---- Stored data

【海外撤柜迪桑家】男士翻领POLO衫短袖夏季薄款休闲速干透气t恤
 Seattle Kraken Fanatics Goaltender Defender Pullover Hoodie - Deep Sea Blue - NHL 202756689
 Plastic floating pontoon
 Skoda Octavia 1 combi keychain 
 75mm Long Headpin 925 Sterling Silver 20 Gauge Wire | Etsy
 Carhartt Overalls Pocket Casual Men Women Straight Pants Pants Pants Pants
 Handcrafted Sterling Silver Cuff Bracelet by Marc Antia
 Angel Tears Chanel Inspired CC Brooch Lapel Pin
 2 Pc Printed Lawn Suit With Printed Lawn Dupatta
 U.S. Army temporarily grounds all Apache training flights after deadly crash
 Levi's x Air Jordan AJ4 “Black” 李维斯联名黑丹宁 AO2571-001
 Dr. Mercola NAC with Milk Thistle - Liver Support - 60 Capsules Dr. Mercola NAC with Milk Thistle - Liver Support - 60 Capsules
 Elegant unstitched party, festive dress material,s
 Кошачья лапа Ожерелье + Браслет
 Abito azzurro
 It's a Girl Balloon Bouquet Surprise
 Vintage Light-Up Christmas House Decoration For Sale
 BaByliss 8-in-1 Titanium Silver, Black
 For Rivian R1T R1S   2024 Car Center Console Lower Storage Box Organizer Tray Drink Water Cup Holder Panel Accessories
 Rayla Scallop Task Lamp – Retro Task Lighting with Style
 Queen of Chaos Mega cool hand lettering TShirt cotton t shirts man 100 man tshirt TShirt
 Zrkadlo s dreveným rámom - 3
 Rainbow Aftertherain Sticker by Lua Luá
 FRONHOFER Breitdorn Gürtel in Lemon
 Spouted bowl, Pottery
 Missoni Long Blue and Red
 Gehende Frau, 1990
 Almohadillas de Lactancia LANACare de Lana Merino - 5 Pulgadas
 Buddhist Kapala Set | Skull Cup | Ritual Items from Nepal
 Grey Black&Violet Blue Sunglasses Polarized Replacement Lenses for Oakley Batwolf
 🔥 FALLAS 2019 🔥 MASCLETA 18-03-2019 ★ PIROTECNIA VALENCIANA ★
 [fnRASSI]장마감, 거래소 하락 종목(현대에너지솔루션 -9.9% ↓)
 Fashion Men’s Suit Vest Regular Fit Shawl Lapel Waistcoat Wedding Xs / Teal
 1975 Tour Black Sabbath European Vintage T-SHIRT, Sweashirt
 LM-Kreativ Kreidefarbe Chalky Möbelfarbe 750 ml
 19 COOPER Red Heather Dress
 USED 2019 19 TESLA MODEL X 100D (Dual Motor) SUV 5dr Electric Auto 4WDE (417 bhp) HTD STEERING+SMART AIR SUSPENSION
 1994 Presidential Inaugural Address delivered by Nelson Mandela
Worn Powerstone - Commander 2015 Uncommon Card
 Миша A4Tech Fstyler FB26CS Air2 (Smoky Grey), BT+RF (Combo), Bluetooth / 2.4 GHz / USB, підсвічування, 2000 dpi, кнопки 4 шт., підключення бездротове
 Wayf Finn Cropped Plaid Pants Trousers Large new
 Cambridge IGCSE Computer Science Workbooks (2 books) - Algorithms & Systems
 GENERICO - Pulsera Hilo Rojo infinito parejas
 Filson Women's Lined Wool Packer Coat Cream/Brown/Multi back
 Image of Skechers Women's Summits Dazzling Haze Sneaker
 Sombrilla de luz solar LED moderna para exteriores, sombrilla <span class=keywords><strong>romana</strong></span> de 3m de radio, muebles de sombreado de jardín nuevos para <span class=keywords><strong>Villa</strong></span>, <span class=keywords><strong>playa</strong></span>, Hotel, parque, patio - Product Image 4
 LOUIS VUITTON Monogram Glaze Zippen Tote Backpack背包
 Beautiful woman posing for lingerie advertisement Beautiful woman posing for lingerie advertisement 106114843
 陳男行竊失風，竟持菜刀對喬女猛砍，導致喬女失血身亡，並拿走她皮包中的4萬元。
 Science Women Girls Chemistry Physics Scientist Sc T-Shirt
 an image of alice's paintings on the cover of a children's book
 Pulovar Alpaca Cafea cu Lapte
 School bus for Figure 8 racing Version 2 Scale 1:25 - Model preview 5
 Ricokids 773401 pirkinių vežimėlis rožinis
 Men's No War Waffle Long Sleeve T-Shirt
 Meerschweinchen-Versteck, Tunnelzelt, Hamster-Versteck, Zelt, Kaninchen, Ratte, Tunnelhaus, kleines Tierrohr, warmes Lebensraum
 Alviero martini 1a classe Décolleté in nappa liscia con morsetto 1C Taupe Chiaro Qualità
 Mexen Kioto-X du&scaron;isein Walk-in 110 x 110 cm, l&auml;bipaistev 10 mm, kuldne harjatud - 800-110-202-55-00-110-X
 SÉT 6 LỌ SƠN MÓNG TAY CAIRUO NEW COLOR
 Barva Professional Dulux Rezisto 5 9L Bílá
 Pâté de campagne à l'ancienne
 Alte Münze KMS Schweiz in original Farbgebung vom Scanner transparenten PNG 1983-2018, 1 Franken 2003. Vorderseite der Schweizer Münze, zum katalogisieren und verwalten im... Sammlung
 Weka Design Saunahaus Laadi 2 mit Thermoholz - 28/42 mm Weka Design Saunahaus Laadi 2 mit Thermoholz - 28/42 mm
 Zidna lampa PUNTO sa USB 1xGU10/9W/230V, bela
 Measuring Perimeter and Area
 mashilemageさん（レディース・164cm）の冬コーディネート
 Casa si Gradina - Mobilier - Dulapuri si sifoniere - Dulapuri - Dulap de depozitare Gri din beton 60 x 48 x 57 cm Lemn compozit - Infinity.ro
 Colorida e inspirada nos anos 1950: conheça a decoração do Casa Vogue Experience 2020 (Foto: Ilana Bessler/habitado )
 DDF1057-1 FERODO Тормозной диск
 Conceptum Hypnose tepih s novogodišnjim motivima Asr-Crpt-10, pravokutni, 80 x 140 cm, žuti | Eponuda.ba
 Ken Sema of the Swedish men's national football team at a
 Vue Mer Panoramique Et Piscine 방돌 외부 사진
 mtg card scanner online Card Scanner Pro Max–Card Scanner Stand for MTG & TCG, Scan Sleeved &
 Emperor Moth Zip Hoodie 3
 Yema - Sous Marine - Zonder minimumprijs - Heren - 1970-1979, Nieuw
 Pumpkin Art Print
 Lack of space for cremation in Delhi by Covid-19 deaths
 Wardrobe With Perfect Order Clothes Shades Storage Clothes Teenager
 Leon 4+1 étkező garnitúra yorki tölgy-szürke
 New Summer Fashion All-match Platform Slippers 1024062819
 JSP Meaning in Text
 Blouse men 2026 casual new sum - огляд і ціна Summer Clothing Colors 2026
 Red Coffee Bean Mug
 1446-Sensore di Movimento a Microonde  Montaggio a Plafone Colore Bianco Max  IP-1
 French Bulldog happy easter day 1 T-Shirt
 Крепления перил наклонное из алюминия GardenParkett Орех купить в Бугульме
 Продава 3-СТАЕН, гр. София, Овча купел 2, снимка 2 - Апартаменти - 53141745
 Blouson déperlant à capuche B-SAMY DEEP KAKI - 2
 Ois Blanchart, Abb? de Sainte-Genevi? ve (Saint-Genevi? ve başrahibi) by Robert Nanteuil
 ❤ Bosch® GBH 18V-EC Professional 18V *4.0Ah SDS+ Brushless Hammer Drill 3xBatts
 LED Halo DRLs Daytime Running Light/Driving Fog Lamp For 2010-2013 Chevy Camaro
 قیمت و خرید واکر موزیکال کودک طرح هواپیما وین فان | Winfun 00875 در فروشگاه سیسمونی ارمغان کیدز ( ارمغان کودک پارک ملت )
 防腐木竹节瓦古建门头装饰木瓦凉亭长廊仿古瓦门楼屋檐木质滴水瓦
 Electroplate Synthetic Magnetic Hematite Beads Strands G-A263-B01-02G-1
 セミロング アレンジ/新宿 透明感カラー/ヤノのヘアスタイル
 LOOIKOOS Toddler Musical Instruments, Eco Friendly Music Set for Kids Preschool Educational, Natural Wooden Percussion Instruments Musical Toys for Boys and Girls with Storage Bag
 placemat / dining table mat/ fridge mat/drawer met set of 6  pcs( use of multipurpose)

--------

Copy out every line in the records where the word "Scanner" is found.

> _Exercise result_
 Alte Münze KMS Schweiz in original Farbgebung vom Scanner transparenten PNG 1983-2018, 1 Franken 2003. Vorderseite der Schweizer Münze, zum katalogisieren und verwalten im... Sammlung
 mtg card scanner online Card Scanner Pro Max–Card Scanner Stand for MTG & TCG, Scan Sleeved &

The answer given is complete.